• _Raw data_
++++++++++++++++++++

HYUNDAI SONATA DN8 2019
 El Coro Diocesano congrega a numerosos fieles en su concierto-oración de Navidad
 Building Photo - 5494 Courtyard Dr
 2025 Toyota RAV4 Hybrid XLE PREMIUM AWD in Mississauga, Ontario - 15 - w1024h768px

++++++++++++++++++++

• _Task brief_
From top to bottom, reproduce the material exactly.

• _Exercise output_
HYUNDAI SONATA DN8 2019
 El Coro Diocesano congrega a numerosos fieles en su concierto-oración de Navidad
 Building Photo - 5494 Courtyard Dr
 2025 Toyota RAV4 Hybrid XLE PREMIUM AWD in Mississauga, Ontario - 15 - w1024h768px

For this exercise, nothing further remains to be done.